Bowers makes many claims about the sex lives of many people, most of whom were associated with the Hollywood movie industry during that period. The book, which was vetted by a libel lawyer before publication, was refused by several publishers before ultimately being accepted by Grove Press and Grove/Atlantic.

== Summary ==
Bowers fought in the Pacific, including at the Battle of Iwo Jima, as a paramarine in the Marine Corps during World War II. In 1946 he was pumping gas at a service station in Hollywood when he says Walter Pidgeon gave him $20 for a gay sexual encounter. Word spread about Bowers among Pidgeon's friends, and Bowers turned the service station into a meeting place for paid sexual encounters, which took place in a nearby trailer or hotel, with his old marine friends assisting him in the business.

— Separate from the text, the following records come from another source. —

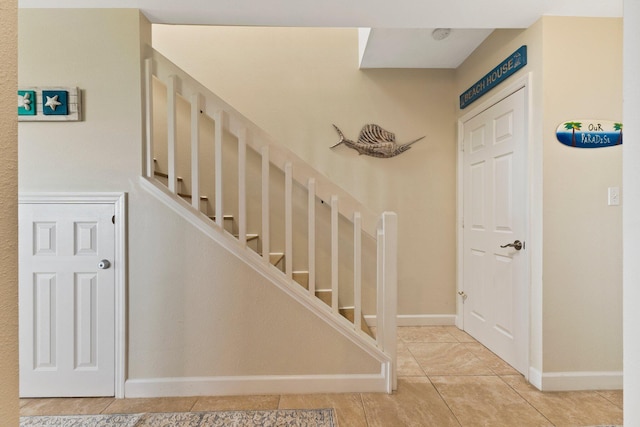 staircase featuring tile patterned floors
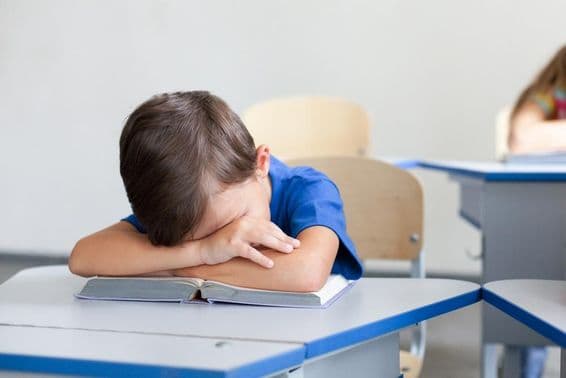 Niño escolar durmiendo durante una clase aburrida.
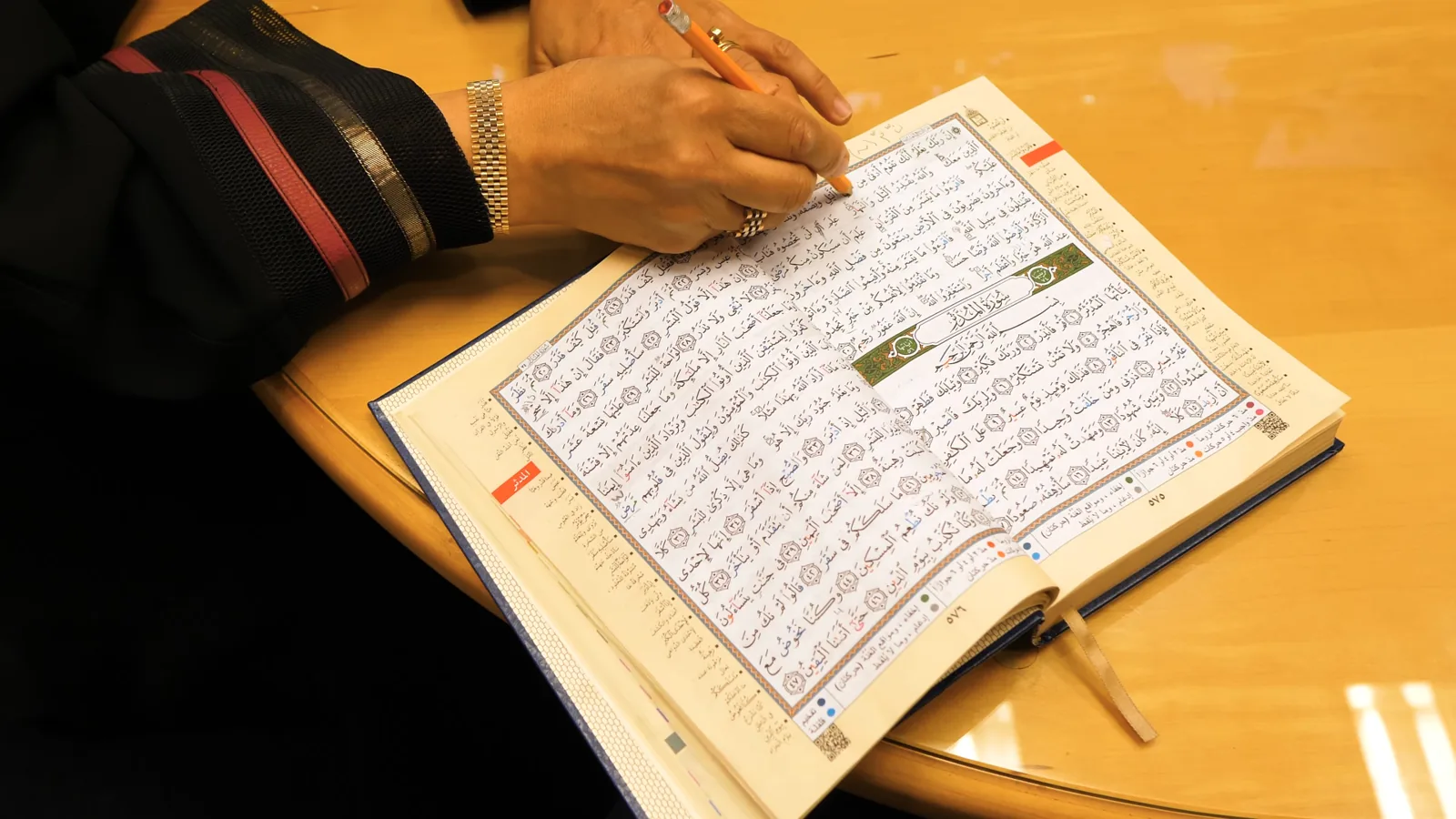An open Qur'an, the heart of every day at Ayat Academy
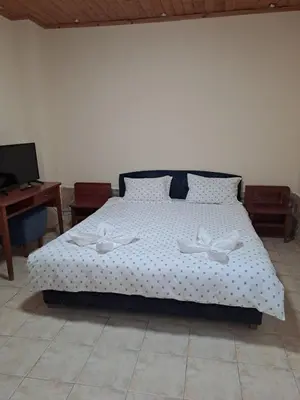 a bedroom with a bed with two white flowers on it at Стария Чинар in Melnik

In 1950 he quit working at the service station and began a legitimate business as a party bartender. Bowers became well known in Hollywood for arranging sexual encounters for gay men, lesbians, bisexuals, and heterosexuals as part of his party service. In the book Bowers claims he arranged gay or bisexual encounters for many actors and notable persons. Bowers' illicit activities were never detected by the authorities; he kept all his contact information in his head.

In the mid 1970s, when the film Deep Throat was popular, Bowers claims to have arranged for Linda Lovelace to give instruction on deepthroating at parties. He also claims to have provided women—mostly prostitutes—to Alfred Kinsey as interview subjects for his famous study on human sexuality. Gore Vidal wrote that Bowers was a longtime friend whose stories he believed.

Bowers ended this business when the AIDS epidemic began, though he continued to work as a handyman and bartender during this time, and in 1984 he married. Bowers said he never took payment for arranging sexual encounters for others, only when he provided sex himself, and that though he was bisexual, his own preference was for women. Bowers never talked publicly about these experiences before but decided to do so because most of the people involved were now dead and could no longer be affected by his revelations. On June 10, 2012, Bowers was featured on the show CBS News Sunday Morning.

== Reception ==
Adam Tschorn, writing for the Los Angeles Times, described the book as having an uneven, at times choppy, pace and much purple prose, highlighting a passage in which Bowers describes how he milked a cow. Although he considered some of the details too much for the general reader, he wrote that the book was "a good trashy read". Matt Tyrnauer, a writer for Vanity Fair, described Bowers as "like the Kinsey Reports live and in living color", if the reader believed him. Joanna Walters, in The Guardian, wrote that the book was a "titillating catalogue of sexual intrigue."

== Film adaptation ==
Directed by Matt Tyrnauer and released in 2017, the documentary Scotty and the Secret History of Hollywood recounts the book's themes, expanded by additional recollections from Bowers and those in his life.